Thursday, March 21, 2013

7L3 - The Happiness Patrol 3



The Happiness Patrol is one of the angriest Doctor Who stories every made. It has since come to light that writer Graeme Curry and script editor Andrew Cartmel, among others, had a healthy distaste for then-Prime Minister Margaret Thatcher and were working in ideas, however subtle or blatant, of how to lampoon and protest the Iron Lady. Sheila Hancock, who played Terra Alpha's leader Helen A, says she based elements of her performance on Thatcher. In retrospect, it seems somewhat obvious that this is what the production crew were going for, but at the time, such subversiveness was very uncommon for Doctor Who.

It is a story of anarchy as a solution. The Doctor challenges himself to take down an oppressive government in a single night and succeeds, but has no plans on who should take over in that government's stead. No one - not the Killjoys, the Pipe People, the disenfranchised Happiness Patrolers - are shown any favour in terms of story or by The Doctor's actions as being the right person or persons to lead Terra Alpha into a new age. Earl Sigma stays behind only to teach the planet "the blues". All this is a typical solution for the ultimate punk rock anarchists, the Seventh Doctor and Ace. Both the characters of the TARDIS team come from outside the normal boundaries of their respective societies, just as the actors portraying them do. Both characters are orphans from their pasts, eager to leave their history behind but keeping the rebellious nature that isolated them in the first place. Sylvester McCoy and Sophie Aldred came into the acting profession via less-than-orthodox means, too, and it helps their respective performances. McCoy's Doctor is the Sex Pistols to Colin Baker's Pink Floyd. They're anarchic uprisings against the (perceived) bloated excess that preceded them.
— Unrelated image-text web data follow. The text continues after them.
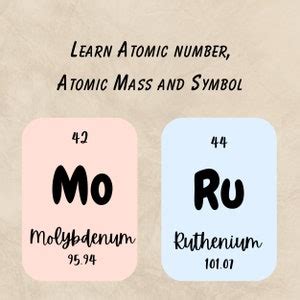 Printable Periodic Table Flashcards. Chemistry Flashcards. Science ...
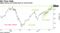 Apple shares are trading back at record levels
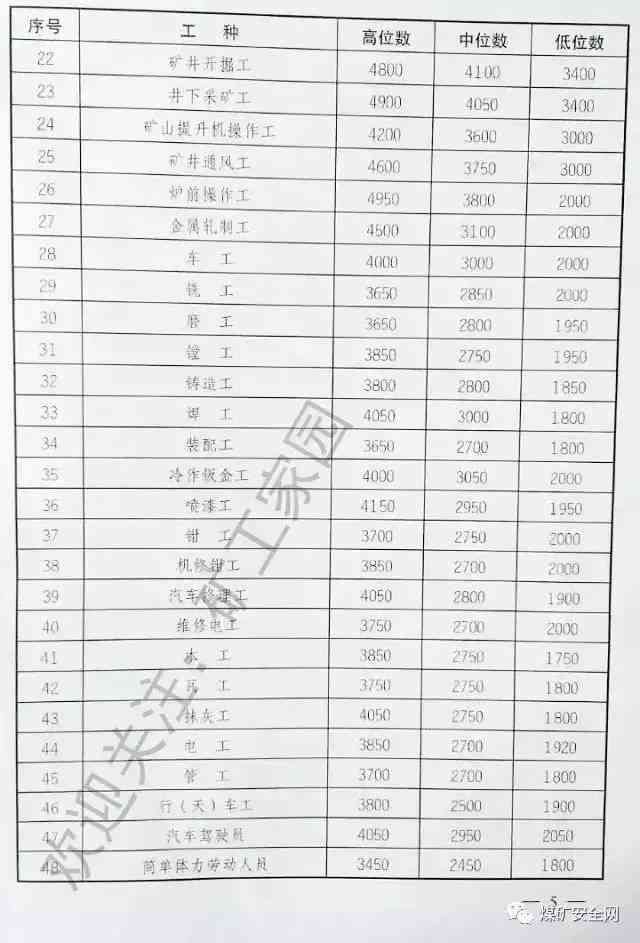 德兴铜矿电工工资待遇如何：矿工薪酬对比分析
Graeme Curry deserves full credit for writing one of the sharpest and smartest scripts ever seen in Doctor Who, and joins Barbara Clegg as people who wrote only one story for Doctor Who, and both were imaginative triumphs. Acclaim must also go to director Chris Clough, whose previous attempts veered from satisfactory to disappointing, but who shows artistic flair and the confidence to keep the lighting darker and moodier than anything else seen in the John Nathan-Turner era. His initial idea of shooting the entire story as a black and white film noir sounded enticing, too. Fortunately, The Happiness Patrol is strong enough on its own without the need for a gimmick, and is also one of Doctor Who's most underrated stories.